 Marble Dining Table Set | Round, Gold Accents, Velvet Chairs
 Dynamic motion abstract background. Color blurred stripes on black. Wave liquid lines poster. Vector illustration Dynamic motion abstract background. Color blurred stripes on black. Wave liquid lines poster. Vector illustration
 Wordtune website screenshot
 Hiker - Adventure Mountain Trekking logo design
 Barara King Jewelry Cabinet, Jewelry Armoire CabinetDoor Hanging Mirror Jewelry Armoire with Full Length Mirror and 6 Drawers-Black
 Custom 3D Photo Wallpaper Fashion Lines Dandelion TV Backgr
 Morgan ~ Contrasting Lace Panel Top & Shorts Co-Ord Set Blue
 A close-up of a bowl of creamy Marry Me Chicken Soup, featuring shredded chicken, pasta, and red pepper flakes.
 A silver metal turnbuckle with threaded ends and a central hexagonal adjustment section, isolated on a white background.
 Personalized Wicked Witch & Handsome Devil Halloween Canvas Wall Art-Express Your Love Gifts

* * * * *

*ABOUT THIS EXERCISE*. Print the listing once more, exactly as it stands above.

*FINAL ANSWER*.
 Marble Dining Table Set | Round, Gold Accents, Velvet Chairs
 Dynamic motion abstract background. Color blurred stripes on black. Wave liquid lines poster. Vector illustration Dynamic motion abstract background. Color blurred stripes on black. Wave liquid lines poster. Vector illustration
 Wordtune website screenshot
 Hiker - Adventure Mountain Trekking logo design
 Barara King Jewelry Cabinet, Jewelry Armoire CabinetDoor Hanging Mirror Jewelry Armoire with Full Length Mirror and 6 Drawers-Black
 Custom 3D Photo Wallpaper Fashion Lines Dandelion TV Backgr
 Morgan ~ Contrasting Lace Panel Top & Shorts Co-Ord Set Blue
 A close-up of a bowl of creamy Marry Me Chicken Soup, featuring shredded chicken, pasta, and red pepper flakes.
 A silver metal turnbuckle with threaded ends and a central hexagonal adjustment section, isolated on a white background.
 Personalized Wicked Witch & Handsome Devil Halloween Canvas Wall Art-Express Your Love Gifts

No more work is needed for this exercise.